All of this means that singing in another language might not necessarily aid in our pronunciation per se, but what it certainly can do is help us get our mouth and tongue to the right positions as we practice. This is valuable because that’s at least half the battle of pronunciation already won. Furthermore, depending on the style of music, it may also require you do it at speed, or at least rhythmically. The advantage here is that when you come to speaking normally, it feels easier to do it.
😎 Gain a Rich Conversational Vocabulary
Can you think of any modern songs that are written in formal or classical prose? How about using stiff or formal language? If you’re racking your brains trying to think of examples right now, then you might be at it for some time because lyrics are invariably casual and natural.
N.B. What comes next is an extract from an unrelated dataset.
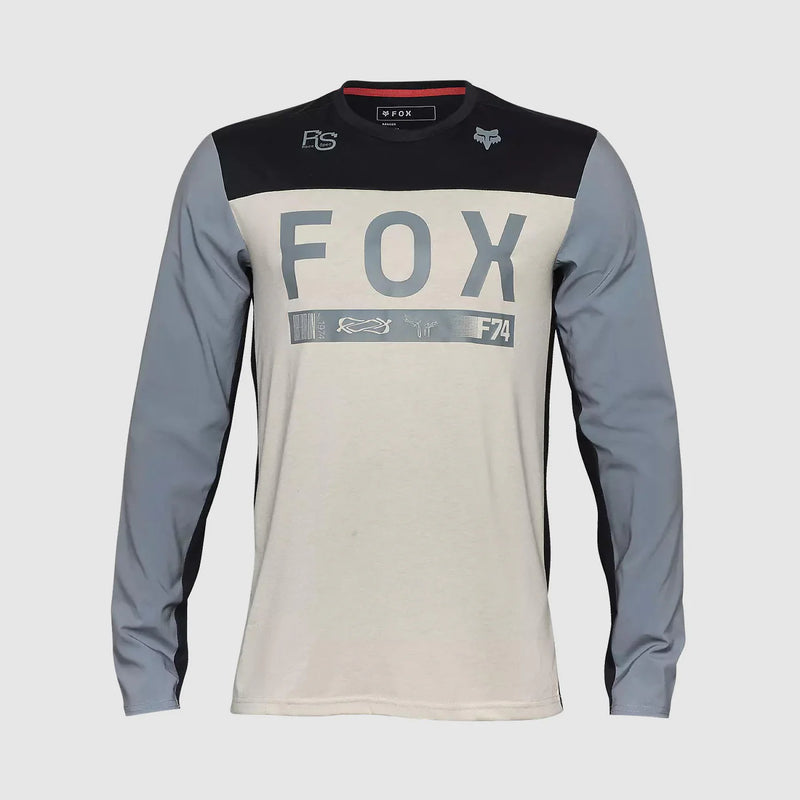Polera Moto Fox Ranger Off-Road Gris/Blanco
This means that through music we can assimilate the syntax of our target language and enlarge our vocabulary with words we can then quickly and naturally apply to our everyday lives.
🧒 It Works on Learners of All Ages
Research shows that infants who listen to multiple languages --- including those in musical form --- grow up with much better linguistic sensitivity in those languages that they have been exposed to from an early age. What’s more, it’s also a very engaging experience for learners of all ages, which brings us neatly to the next point.
💃 It’s Fun!
Regardless of our motives, listening to music brings us multiple levels of enjoyment and engagement. There’s a reason that certain songs get stuck in our heads. We pay such close mind to music that we allow it to infiltrate to the very deepest recesses of our mind where it gets trapped and kept for a lifetime.
For this reason, using it as a language-learning tool is tremendous fun, and it’s those kinds of fun learning experiences that are often the most positively impacting and lasting.
🎵 The Joys (and Practicalities) of Music in a Foreign Language
Next time you’re planning some self-study time to practice your listening skills, consider throwing music into the mix and see how it helps you over time. At the very least, you’ll find some nice additions to put into your favorite playlists and enjoy just for the music. If you also get some language benefit from it, then it’s all the greater the experience!
🎉 Get started!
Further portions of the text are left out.